雪玉が滑り落ちたように、背筋がぞくりと冷える。
「こっち!」
茂みから声が聞こえて、胸を撫で下ろしながら近づいた。
「ちょっと、驚かせないでよ。はい水筒」
「だっていま───お水⁉︎」
むしりとるように竹筒を奪った玲姜が、栓を抜いて水を飲み始めた。こくこくと白い喉が必死に上下する。ようやく飲み口と離れた唇から、吐息が溢れた。
「───冷たい。美味しい」
仕草に何だか匂い立つようなものを感じて、思わず目を逸らす。そのまま尋ねた。
「で、何してんの」
「そうだったわ。ねえあれ、あれ見て!」
視線を追う。
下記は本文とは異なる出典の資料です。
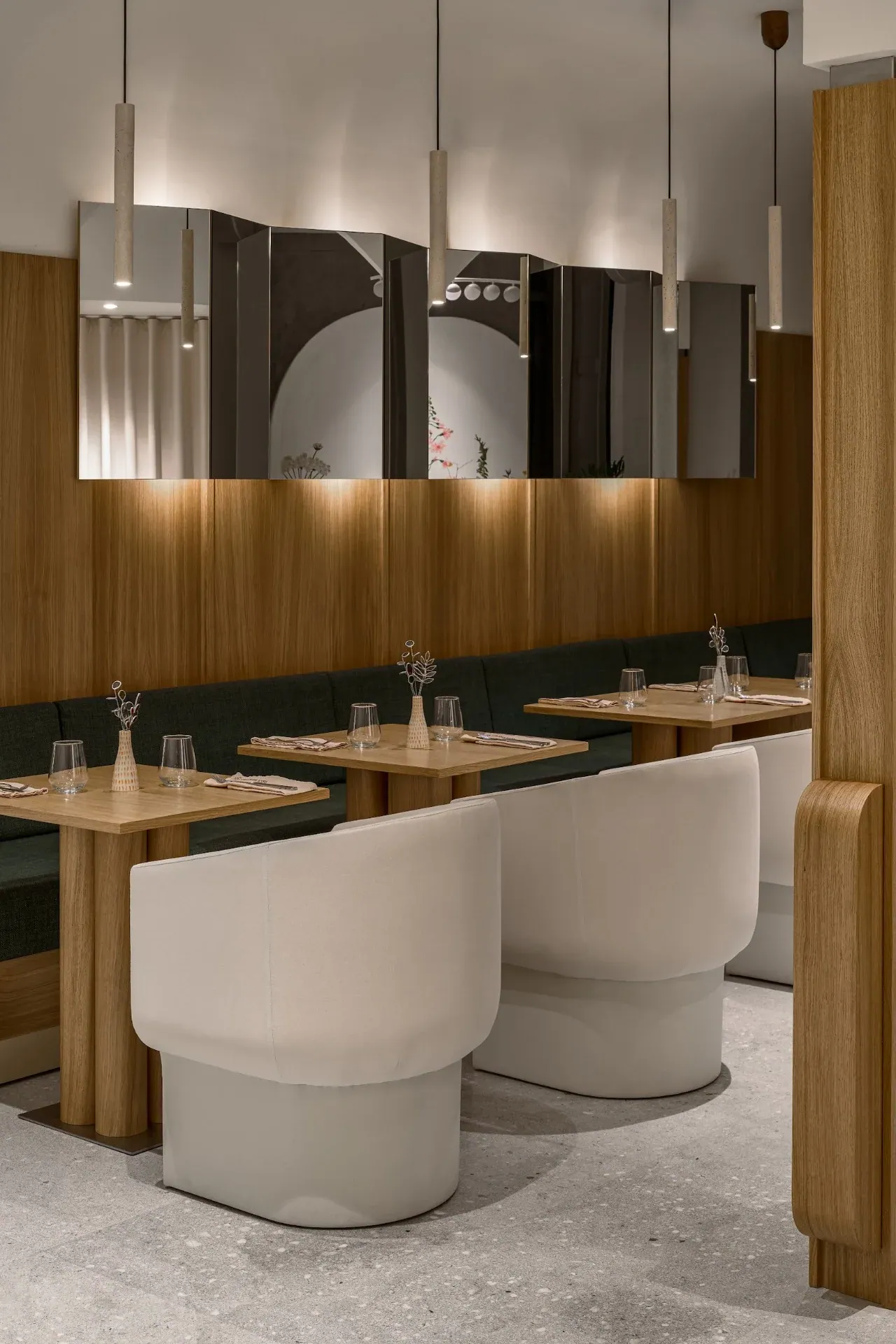 Dining room with oak-clad pylons, pendant lights, banquettes and white chairs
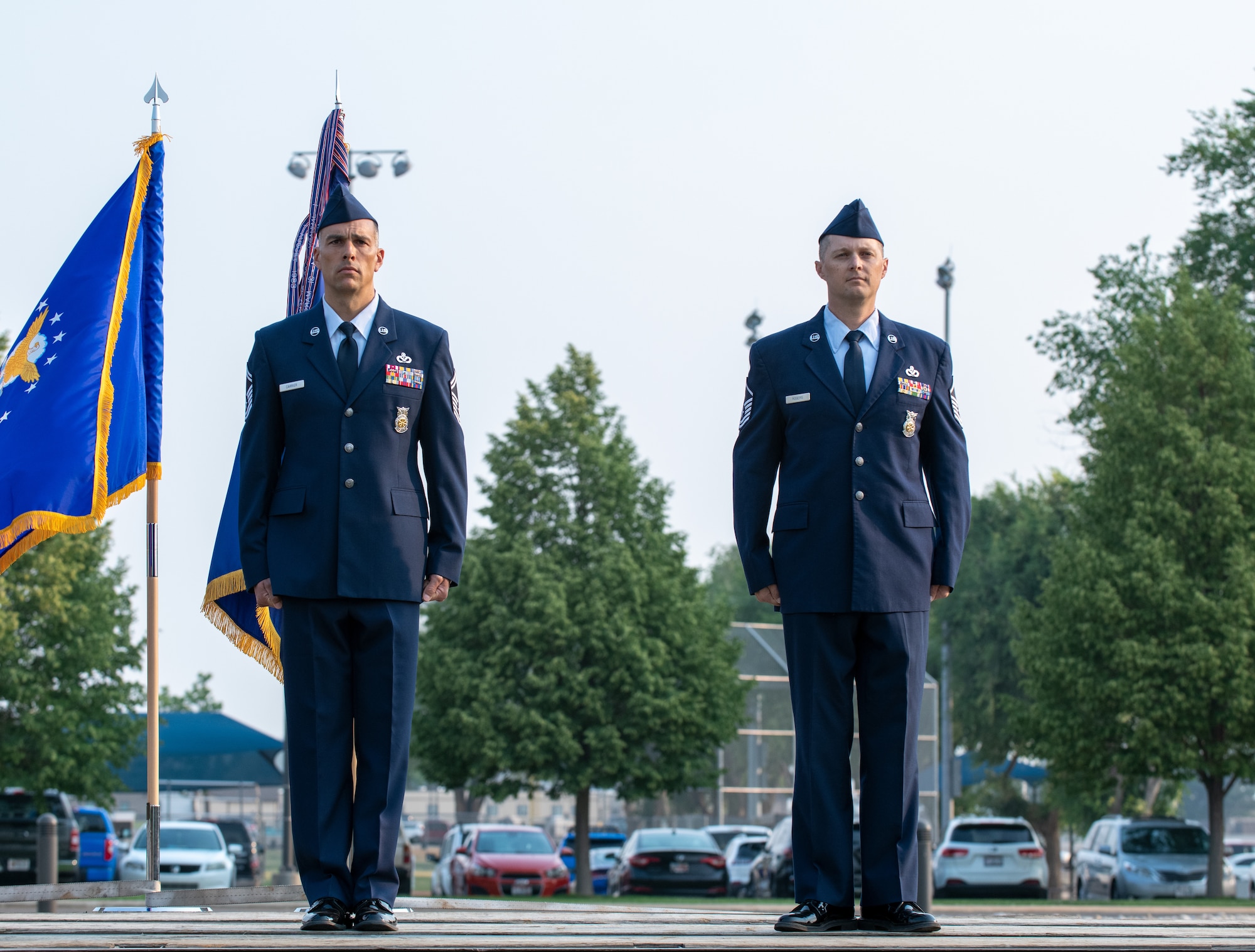 U.S. Air Force Senior Master Sgt. Chad Carrier (left) and Master Sgt. Justin Rogers, 419th Civil Engineer Squadron, stand at attention during a ceremony where they were awarded the Airman’s Medal at Hill Air Force Base, Utah on July 11, 2021. Carrier and Rogers displayed exemplary heroism actions when they saved the life of a trapped driver by pulling him from a burning vehicle.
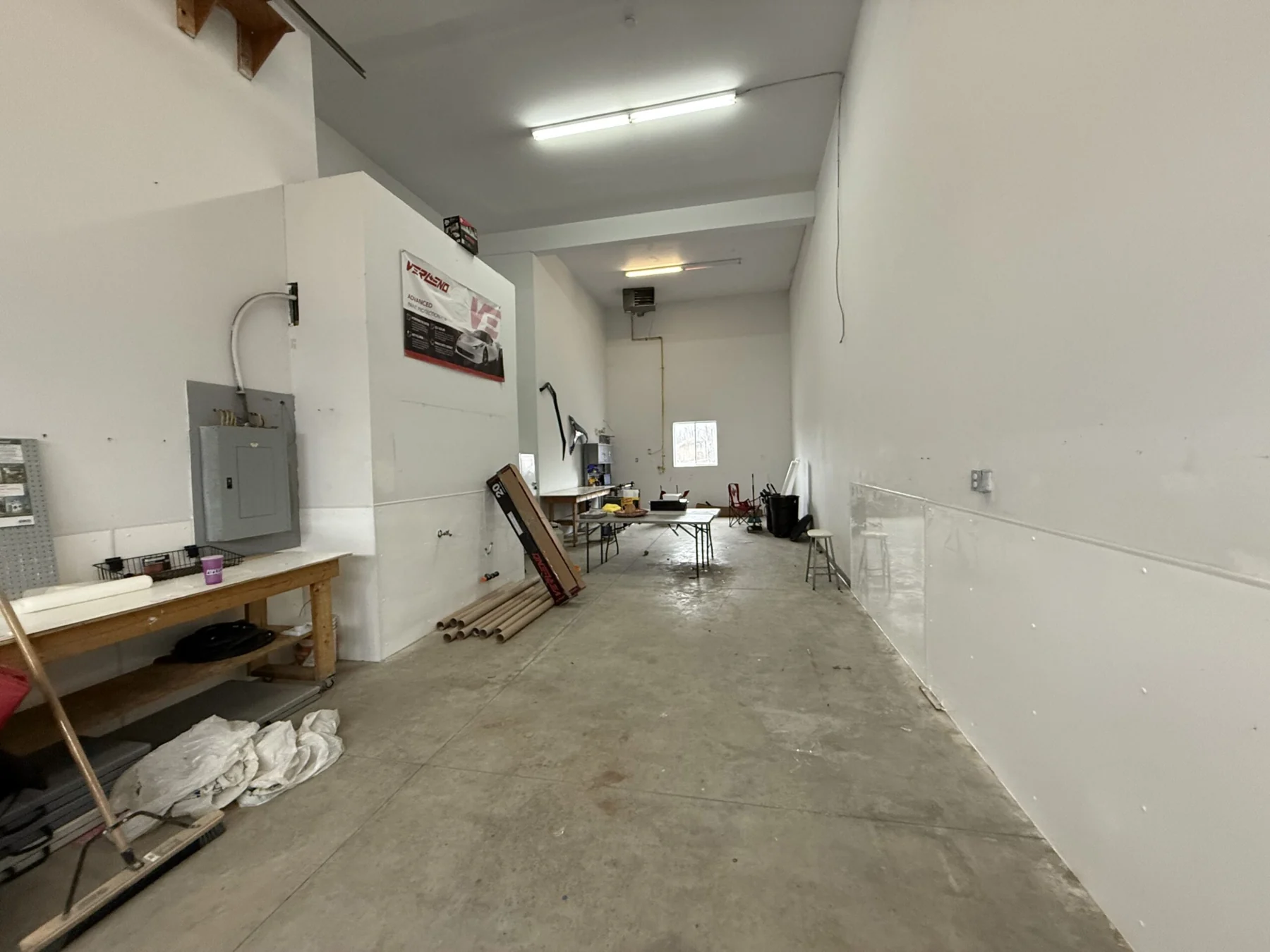 Inside the vacant garage bay at 130 Industrial Avenue: white walls, a concrete floor, a workbench and the electrical panel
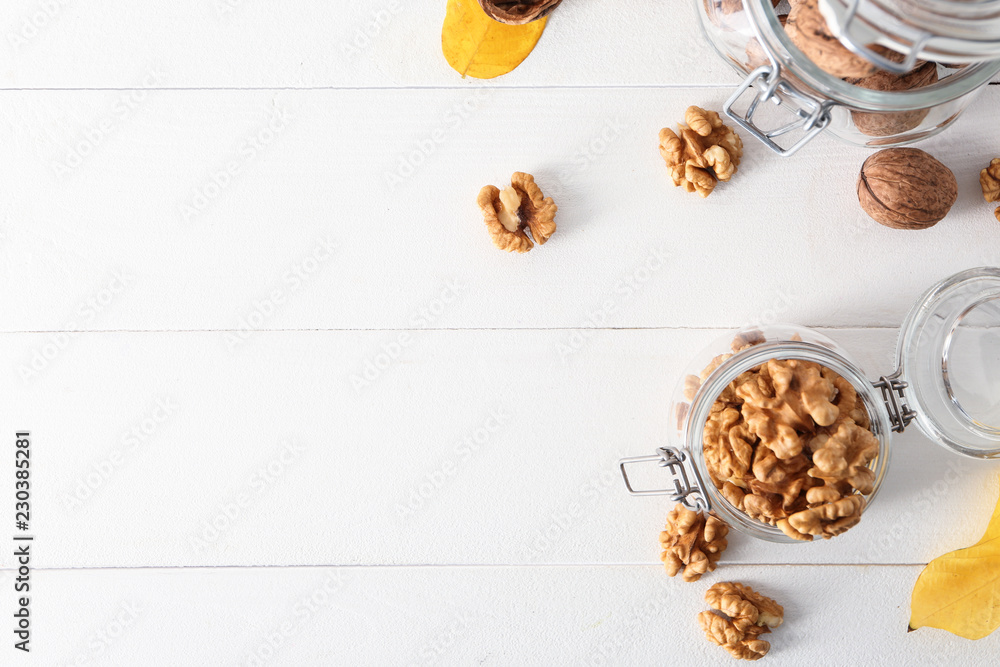 Glass jars with shelled walnuts on white table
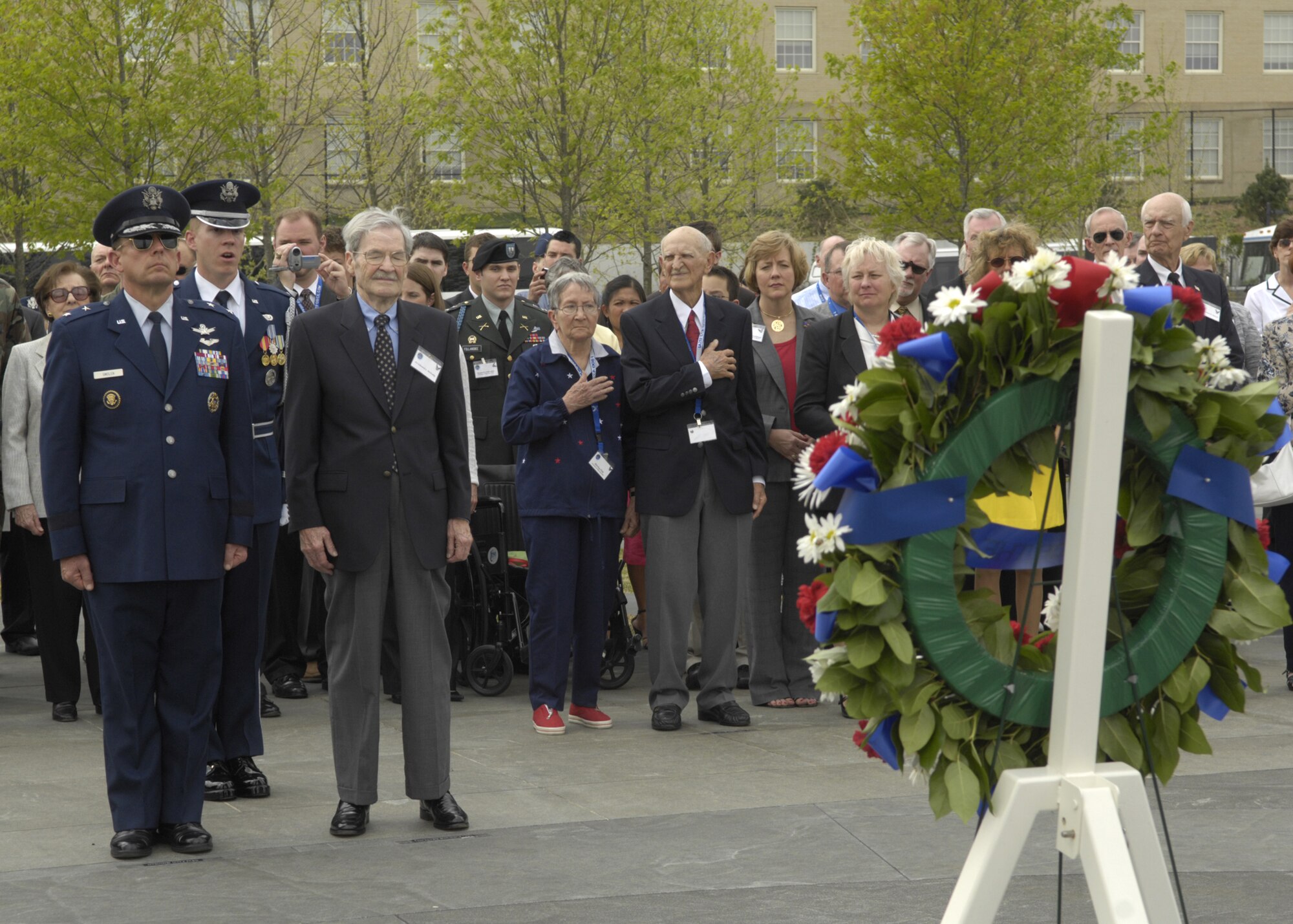 Maj. Gen. Robert L. Smolen, Air Force District of Washington commander, hosts the Air Force Wreath Laying Ceremony in honor of the Flak Man crew at the Air Force Memorial, Arlington, Va., April 24. The wreath was placed by Edward McNally, the Bombardier of the B-24 Bomber, The Flak Man, in honor of the former crew members of the Flak Man who dedicated their lives to the cause of freedom. (U.S. Air Force photo by Senior Airman Rusti Caraker)  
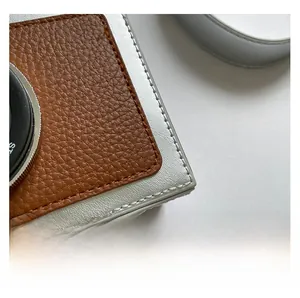Macro shot of silver textured fabric and brown pebble leather stitching on camera bag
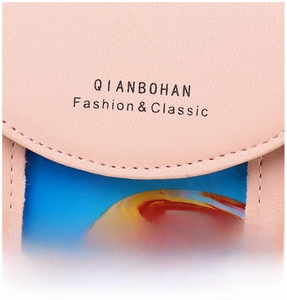 Close-up of pink pebbled leather texture with embossed brand logo and card slot detail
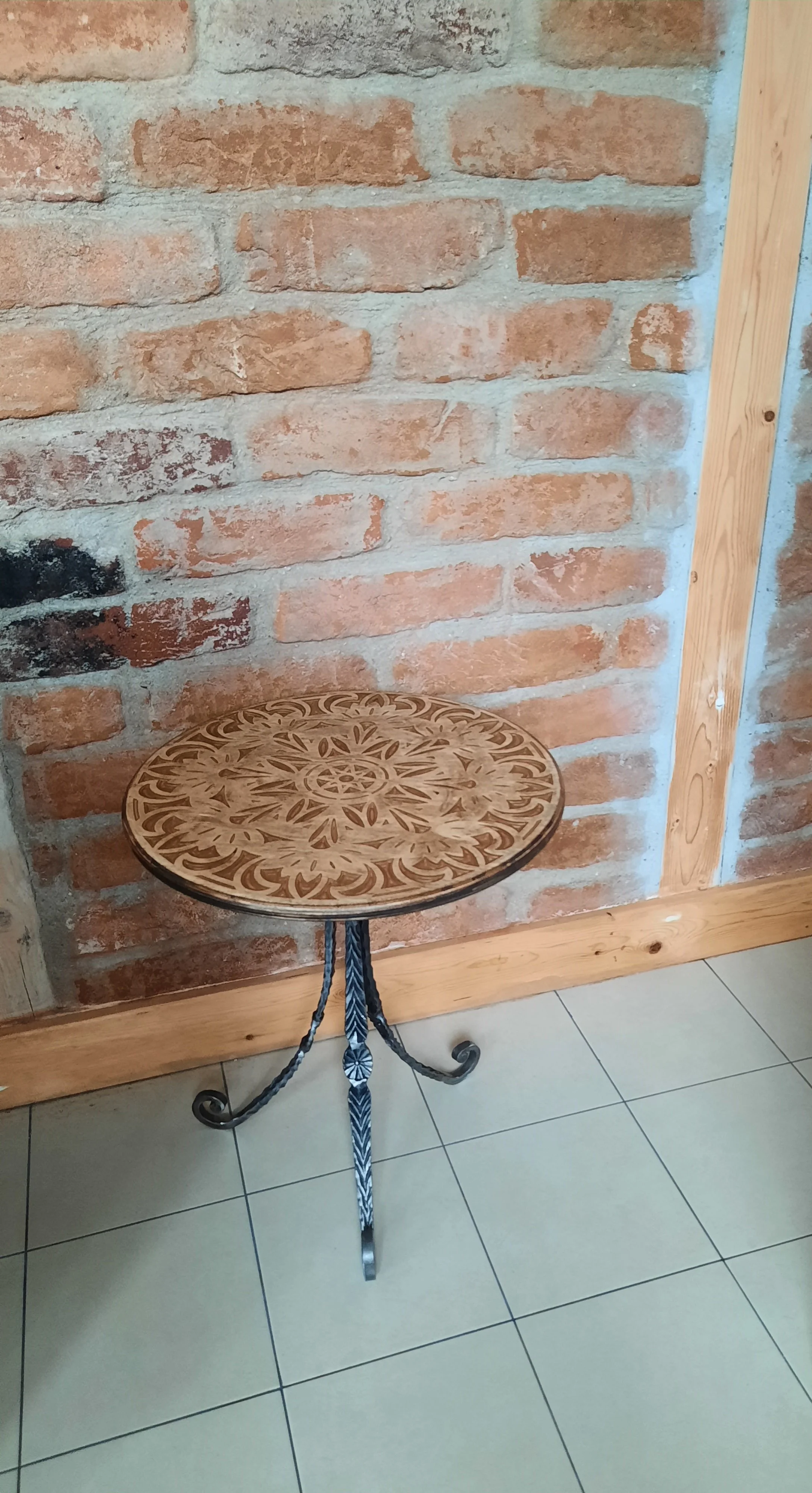 Decorative round side table with metal legs against brick wall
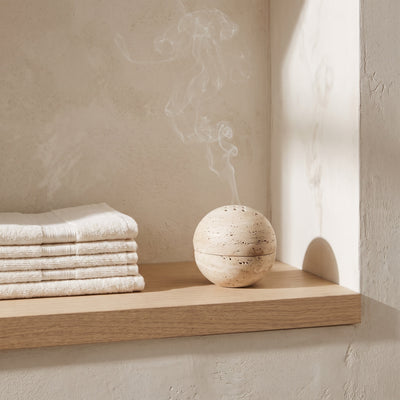 The Stone Burner on a narrow bathroom shelf beside folded towels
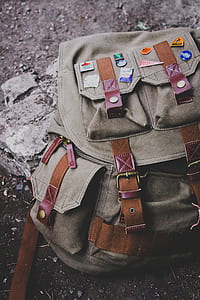 gray backpack on gray surface thumbnail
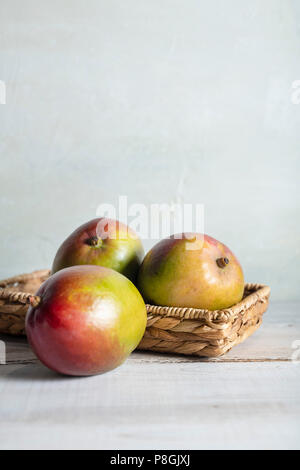Three ripe mangoes in a wicker basket on a whitewash wood table with bright, natural light.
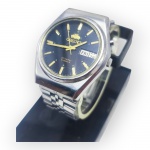 RELÓGIO, um (1) relógio de pulso masculino, da marca Orient, linha Crystal, modelo/referência A09100-71 FA, com mecanismo automático de 21 rubis, mostrador preto, marcadores e ponteiros dourados, calendário duplo com indicação de dia da semana e data, caixa e fundo em aço inoxidável, resistente à água, pulseira metálica e botão auxiliar lateral, necessita revisão, ao dar corda o ponteiro de segundos meche, porém, coroa um pouco emperrada, caixa medindo 3,5cm de diâmetro.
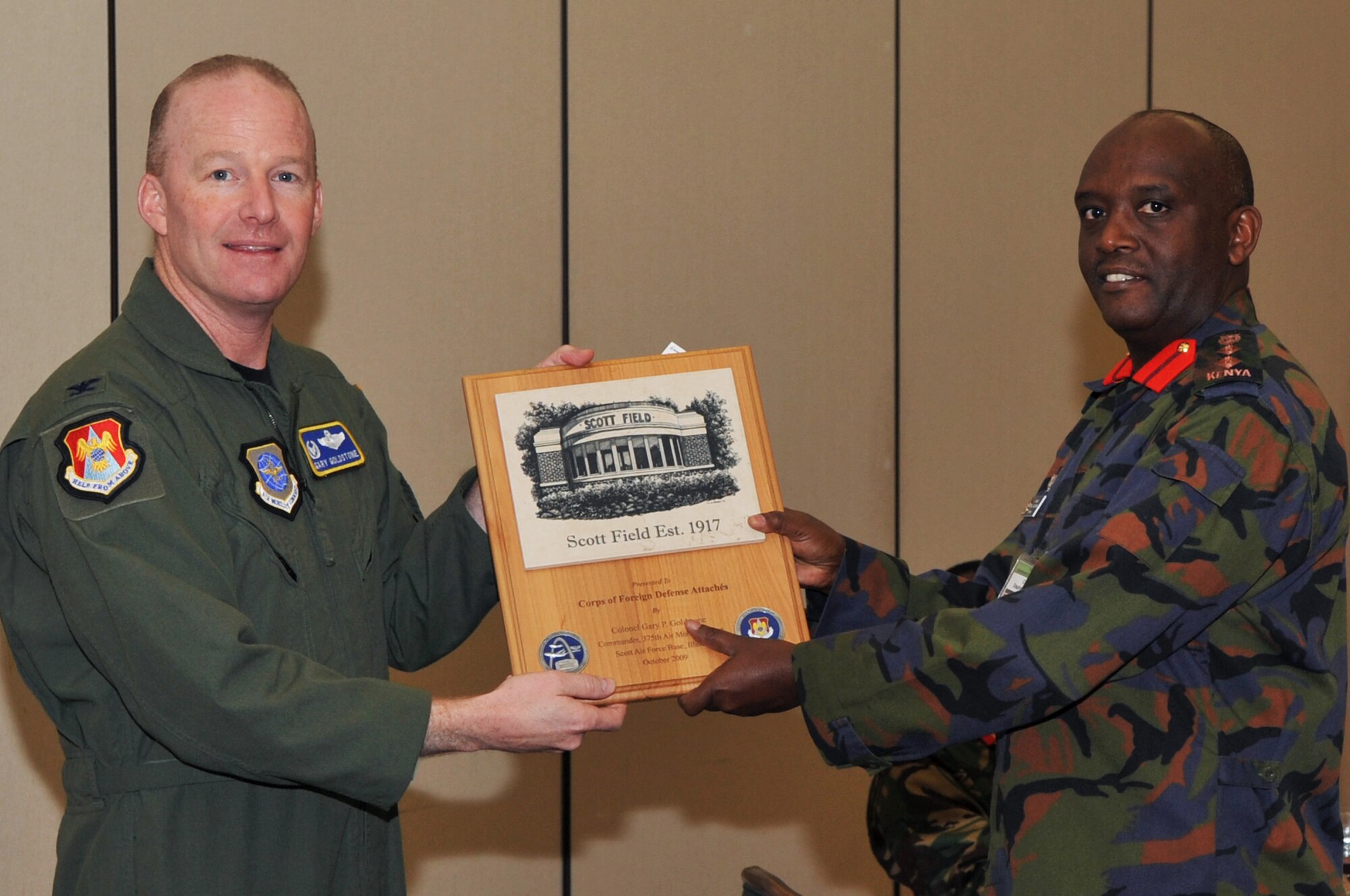 SCOTT AIR FORCE BASE, Ill. -- Col. Gary Goldstone, 375th Air Mobility Wing commander (left) gives a plaque to Col. Stephen Gababo, Kenyan foreign defense attaché during a two-day visit to Scott Oct. 20.
(U.S. Air Force photo/ Senior Airman Teresa Jennings)
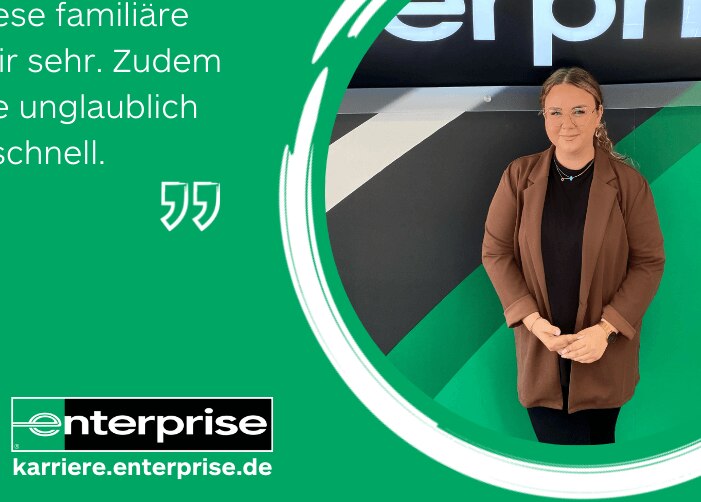 Girl in blazer standing in front of Enterprise sign with quote on green background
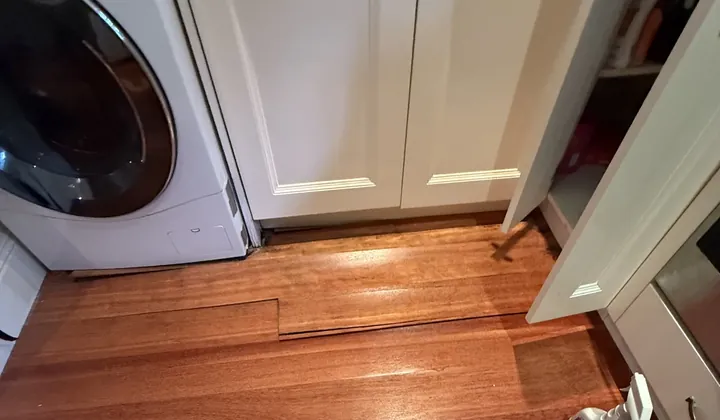Floorboards lifting from a leak beside a front loader washing machine in Double Bay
岩肌に面した細い木々の合間に、明るい茶色の毛並みが覗いていた。すらりと伸びた首に、緩やかな弧を描く鼻筋と大きな目。距離はあるが、麟の目には背中の白斑までくっきりと見えた。
「牝鹿だ」
「そうよね! 私、初めて見たわ!」
声がはしゃいでいる。ぺしぺしと背中を叩かれながら、一体何が嬉しいんだろう、と内心で首を傾げた。弓も罠もないのだから、狩れるわけじゃないのに。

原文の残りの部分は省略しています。